The pharmaceutical industry must improve its environmental footprint by investing in technology and expertise, as well as through better design of new drugs early in their development, according to a GlobalData survey of the pharmaceutical industry. The report, Pharmaceutical Manufacturing ESG Survey – Towards a Sustainable Supply Chain (November 2022), reveals that most pharma industry insiders believe the sector is not doing enough to limit harm to the environment.

Survey respondents ranked societal sustainability second in importance, reflecting growing public and political awareness of drug supply chain precarity following the Covid-19 pandemic. Sustainability, referred to as environmental, social and governance (ESG), is an increasingly important concern for businesses; worldwide, the public is demanding action and accountability from the pharmaceutical industry.
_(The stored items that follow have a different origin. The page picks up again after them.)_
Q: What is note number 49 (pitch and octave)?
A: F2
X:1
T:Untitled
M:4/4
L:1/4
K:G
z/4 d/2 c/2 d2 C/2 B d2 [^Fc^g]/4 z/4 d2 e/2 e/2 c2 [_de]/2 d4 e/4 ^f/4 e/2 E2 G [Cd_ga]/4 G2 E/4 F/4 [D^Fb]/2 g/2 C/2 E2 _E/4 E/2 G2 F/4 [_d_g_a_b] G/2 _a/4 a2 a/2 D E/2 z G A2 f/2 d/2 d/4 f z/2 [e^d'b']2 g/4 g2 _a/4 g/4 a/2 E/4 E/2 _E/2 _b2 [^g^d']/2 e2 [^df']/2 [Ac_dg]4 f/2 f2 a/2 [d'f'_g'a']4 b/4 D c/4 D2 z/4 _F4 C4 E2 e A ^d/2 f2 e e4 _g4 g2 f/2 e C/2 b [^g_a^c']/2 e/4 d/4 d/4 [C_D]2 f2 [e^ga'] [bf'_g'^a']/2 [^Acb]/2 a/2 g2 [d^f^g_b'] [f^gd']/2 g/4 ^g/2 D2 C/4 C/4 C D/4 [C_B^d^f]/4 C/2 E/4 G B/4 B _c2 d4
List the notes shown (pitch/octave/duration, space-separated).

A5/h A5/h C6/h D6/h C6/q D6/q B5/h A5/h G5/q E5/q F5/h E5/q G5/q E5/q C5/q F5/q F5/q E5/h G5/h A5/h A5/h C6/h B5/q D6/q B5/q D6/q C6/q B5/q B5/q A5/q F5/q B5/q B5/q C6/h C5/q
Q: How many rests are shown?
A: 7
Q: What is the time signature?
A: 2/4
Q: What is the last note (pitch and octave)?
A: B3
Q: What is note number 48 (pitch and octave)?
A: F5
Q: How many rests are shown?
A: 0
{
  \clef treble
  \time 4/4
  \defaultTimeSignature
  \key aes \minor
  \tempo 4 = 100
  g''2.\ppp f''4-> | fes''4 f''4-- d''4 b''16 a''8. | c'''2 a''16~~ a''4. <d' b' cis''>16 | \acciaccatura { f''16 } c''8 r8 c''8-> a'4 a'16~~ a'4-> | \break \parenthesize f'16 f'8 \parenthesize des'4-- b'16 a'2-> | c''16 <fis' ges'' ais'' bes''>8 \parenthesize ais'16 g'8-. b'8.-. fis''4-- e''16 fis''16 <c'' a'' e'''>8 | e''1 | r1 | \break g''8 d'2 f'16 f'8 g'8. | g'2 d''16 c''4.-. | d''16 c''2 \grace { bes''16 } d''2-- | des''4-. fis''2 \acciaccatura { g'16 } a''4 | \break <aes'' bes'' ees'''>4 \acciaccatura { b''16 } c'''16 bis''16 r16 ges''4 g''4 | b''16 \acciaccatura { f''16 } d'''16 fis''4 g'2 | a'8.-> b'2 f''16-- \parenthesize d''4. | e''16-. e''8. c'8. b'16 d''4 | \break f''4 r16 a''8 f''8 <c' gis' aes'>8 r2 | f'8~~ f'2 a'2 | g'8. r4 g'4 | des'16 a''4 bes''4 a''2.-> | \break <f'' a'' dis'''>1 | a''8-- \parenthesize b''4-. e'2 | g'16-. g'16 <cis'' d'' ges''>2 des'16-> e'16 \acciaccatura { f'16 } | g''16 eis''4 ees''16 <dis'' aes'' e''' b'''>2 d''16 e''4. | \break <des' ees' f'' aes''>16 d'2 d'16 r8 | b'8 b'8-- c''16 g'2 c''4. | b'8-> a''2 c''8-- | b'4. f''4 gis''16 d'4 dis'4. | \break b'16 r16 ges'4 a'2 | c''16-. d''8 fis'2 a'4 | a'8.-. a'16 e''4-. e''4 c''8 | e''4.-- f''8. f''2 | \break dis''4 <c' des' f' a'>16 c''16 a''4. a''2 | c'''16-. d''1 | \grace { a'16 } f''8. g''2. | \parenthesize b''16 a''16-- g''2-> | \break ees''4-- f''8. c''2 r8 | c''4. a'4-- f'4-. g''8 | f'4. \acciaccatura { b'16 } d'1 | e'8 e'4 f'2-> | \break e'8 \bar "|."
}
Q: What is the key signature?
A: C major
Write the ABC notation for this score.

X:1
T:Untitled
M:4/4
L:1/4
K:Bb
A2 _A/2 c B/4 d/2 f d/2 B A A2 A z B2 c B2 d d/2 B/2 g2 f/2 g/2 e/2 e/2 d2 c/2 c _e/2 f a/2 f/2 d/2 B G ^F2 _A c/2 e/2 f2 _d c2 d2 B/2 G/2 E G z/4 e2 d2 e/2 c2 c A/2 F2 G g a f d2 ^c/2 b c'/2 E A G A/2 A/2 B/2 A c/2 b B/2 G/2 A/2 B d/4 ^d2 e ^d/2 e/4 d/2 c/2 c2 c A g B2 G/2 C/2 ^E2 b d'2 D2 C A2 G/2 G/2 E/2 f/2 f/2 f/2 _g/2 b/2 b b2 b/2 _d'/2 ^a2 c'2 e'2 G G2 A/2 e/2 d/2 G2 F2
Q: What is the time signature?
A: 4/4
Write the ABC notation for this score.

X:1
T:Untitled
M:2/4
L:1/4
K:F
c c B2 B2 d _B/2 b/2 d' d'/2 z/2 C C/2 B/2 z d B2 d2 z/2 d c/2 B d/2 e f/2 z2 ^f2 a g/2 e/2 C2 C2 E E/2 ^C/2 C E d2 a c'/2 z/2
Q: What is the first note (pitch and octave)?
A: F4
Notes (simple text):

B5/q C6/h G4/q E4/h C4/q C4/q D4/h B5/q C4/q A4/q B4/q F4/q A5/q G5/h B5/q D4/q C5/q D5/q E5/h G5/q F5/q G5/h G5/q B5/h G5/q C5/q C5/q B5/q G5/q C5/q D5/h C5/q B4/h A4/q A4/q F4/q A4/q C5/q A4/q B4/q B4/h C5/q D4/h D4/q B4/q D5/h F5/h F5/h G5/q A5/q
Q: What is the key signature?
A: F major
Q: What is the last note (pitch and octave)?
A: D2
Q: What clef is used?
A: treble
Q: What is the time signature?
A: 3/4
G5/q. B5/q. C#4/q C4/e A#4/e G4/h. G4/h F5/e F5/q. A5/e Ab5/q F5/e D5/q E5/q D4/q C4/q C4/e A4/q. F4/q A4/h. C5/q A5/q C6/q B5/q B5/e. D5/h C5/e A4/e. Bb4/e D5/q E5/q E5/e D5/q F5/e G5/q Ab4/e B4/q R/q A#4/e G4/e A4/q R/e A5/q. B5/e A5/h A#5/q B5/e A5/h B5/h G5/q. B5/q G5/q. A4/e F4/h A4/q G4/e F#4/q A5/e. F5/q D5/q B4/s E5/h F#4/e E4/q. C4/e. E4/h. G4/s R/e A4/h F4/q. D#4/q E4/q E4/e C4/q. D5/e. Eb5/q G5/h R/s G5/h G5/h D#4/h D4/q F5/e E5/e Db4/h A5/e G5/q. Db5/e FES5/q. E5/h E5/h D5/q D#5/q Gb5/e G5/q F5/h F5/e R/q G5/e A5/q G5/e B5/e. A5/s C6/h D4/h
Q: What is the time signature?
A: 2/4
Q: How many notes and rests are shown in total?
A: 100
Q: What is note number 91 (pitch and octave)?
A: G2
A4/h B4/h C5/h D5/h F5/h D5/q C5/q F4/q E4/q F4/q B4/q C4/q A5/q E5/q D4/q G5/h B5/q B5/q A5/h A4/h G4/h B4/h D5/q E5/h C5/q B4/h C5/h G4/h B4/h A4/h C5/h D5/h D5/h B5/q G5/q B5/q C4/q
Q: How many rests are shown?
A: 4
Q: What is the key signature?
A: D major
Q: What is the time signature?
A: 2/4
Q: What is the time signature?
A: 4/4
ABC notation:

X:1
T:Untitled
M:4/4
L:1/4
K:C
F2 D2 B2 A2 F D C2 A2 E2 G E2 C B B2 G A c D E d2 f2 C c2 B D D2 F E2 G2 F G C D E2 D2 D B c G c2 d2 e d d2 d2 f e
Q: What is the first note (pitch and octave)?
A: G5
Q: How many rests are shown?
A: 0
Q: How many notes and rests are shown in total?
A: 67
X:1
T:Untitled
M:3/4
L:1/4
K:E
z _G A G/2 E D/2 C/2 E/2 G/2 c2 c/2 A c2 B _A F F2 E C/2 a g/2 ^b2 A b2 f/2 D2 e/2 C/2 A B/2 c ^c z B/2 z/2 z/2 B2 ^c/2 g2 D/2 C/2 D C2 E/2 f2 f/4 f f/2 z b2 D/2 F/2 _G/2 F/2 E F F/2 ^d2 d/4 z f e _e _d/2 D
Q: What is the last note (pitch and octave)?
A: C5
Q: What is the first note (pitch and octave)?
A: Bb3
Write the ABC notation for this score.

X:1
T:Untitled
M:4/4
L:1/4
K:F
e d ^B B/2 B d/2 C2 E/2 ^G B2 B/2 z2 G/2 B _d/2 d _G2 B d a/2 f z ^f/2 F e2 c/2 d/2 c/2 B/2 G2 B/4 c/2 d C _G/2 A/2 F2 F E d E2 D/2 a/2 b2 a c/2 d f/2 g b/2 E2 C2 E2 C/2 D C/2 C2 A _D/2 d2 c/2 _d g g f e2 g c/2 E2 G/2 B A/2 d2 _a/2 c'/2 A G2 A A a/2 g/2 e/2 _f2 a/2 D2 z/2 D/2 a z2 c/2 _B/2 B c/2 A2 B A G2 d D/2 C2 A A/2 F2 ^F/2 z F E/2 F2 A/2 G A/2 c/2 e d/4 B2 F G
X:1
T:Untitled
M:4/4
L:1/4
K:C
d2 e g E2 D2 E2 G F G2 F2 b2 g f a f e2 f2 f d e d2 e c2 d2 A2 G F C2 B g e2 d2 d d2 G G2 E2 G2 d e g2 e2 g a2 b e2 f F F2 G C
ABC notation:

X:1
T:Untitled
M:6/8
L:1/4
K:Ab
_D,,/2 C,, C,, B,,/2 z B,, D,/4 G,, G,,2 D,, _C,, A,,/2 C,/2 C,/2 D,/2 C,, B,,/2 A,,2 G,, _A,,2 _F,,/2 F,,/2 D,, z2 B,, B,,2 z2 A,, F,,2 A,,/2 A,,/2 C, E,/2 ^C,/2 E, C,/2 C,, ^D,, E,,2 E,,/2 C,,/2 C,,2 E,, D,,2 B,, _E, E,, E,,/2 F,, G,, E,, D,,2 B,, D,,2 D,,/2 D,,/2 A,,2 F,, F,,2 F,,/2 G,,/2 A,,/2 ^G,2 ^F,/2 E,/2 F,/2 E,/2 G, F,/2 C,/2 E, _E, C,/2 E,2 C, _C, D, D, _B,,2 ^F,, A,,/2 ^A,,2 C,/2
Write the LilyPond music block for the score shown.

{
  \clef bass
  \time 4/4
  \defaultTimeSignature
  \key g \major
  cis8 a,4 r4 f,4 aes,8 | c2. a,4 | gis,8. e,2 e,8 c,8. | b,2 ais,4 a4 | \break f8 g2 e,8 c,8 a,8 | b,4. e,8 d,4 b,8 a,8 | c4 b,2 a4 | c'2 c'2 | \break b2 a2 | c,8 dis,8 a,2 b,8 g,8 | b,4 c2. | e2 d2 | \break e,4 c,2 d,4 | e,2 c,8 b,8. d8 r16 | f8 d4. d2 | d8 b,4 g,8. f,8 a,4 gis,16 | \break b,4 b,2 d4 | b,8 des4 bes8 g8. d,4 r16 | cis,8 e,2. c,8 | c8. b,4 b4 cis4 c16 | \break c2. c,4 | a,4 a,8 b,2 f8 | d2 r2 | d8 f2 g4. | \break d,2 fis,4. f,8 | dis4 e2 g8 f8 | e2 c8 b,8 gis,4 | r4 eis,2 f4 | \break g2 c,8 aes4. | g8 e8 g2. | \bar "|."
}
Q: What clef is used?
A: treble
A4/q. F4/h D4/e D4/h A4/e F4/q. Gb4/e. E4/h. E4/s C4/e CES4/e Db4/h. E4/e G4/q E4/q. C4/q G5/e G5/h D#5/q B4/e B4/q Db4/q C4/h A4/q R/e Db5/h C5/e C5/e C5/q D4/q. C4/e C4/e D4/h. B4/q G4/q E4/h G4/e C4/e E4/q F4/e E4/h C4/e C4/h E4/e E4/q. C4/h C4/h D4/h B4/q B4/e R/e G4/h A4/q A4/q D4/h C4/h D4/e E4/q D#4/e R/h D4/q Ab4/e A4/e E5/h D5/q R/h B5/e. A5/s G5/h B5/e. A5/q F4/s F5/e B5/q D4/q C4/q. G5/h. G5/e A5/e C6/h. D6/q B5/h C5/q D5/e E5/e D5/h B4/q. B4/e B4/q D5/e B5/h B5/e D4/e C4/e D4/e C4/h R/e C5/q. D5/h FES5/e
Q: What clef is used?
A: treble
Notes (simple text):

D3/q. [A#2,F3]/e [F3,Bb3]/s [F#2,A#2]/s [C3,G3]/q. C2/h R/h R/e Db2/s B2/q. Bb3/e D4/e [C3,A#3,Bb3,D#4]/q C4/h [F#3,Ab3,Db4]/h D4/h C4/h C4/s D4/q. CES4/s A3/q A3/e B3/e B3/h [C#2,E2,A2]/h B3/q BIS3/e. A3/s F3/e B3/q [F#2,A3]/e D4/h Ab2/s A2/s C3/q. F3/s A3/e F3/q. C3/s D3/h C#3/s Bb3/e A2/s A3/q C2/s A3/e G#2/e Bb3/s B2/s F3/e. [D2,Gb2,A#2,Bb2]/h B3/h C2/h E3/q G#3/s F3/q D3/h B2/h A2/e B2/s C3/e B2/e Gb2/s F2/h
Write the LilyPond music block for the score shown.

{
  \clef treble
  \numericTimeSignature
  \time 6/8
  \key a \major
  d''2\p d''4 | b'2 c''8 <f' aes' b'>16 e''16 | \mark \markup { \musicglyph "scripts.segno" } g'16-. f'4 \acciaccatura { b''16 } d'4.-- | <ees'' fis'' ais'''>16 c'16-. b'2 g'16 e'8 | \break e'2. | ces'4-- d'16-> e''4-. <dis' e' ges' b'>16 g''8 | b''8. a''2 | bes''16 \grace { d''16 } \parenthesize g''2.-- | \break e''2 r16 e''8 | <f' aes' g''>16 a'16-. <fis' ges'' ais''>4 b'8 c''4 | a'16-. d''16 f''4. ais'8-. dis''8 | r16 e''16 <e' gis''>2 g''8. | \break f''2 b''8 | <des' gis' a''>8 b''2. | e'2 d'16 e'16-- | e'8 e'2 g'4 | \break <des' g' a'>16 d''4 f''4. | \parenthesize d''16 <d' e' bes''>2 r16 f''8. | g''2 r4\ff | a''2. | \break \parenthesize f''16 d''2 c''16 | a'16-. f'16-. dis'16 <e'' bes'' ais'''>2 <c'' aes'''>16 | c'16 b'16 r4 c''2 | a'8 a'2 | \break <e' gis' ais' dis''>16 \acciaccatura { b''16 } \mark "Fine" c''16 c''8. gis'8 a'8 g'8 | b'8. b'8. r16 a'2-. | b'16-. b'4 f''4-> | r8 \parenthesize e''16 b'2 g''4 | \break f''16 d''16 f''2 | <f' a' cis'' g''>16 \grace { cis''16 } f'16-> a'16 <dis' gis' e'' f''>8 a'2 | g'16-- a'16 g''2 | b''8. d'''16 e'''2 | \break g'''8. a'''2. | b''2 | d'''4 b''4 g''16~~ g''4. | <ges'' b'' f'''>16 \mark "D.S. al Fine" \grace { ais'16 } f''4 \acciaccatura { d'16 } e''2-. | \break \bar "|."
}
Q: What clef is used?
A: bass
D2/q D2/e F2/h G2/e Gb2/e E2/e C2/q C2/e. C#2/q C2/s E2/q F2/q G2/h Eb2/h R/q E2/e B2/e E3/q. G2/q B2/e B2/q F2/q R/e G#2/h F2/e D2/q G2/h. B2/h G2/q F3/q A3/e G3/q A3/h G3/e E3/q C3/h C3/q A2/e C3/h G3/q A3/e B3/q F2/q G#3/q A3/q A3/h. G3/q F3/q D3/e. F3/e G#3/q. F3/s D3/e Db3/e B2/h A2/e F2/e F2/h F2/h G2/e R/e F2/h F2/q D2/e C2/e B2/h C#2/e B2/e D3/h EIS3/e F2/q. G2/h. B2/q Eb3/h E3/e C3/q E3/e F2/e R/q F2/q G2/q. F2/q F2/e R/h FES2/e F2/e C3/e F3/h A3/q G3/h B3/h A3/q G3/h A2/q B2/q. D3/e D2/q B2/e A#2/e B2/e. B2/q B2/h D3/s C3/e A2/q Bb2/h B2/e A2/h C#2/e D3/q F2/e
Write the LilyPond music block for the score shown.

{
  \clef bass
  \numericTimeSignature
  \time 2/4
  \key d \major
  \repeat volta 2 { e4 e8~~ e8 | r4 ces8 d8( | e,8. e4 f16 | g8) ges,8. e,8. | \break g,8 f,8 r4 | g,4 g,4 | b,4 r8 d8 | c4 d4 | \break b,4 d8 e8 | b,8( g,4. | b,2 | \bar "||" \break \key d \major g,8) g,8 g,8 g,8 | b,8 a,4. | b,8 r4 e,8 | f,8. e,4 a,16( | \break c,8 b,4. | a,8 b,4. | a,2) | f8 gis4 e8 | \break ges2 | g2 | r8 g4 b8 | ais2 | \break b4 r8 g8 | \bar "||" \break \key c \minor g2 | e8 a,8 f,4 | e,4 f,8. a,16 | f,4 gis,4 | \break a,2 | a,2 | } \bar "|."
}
GlobalData’s ESG framework (Figure 1) identifies sustainability risks and areas to implement mitigating actions to improve companies’ ESG performance.

Respondents to the survey identified the environment as the most important of the three ESG sustainability concerns to pharma manufacturing. Contributing factors to environmental problems include greenhouse gas emissions; air, water and land pollutants; construction and deforestation; and the overuse of natural resources such as fossil fuels, minerals and water. When it comes to pharmaceutical manufacturing specifically, problems also include the leaching of active pharmaceutical ingredients (APIs) into the environment. This is a particular problem for highly potent drugs such as antibiotics.

The survey revealed the main challenges to achieving environmentally sustainable manufacturing to be a lack of investment in expertise and technology, and the need to identify a drug’s environmental impacts early in its lifecycle (Figure 2). Life cycle assessments (LCAs) are not yet common practice in the pharma industry, but they could help to improve pharma manufacturing’s environmental footprint.

Environmental problems are often displaced from pharma companies’ headquarters to Asia-Pacific (APAC) regions where manufacturing takes place. A report by the non-profit My Green Lab released at the COP27 conference on 10 November found that North American and European companies tend to have much lower carbon emissions than those in APAC.

To quote the report: “The regional difference may in part be explained by the tendency of North American- and European-headquartered companies to focus on research and development in-house while outsourcing manufacturing to APAC, particularly for APIs. Companies with headquarters in the APAC region also tend to have more carbon-intensive energy grids, particularly in China and India, though this is improving.” (The Carbon Impact of Biotech & Pharma).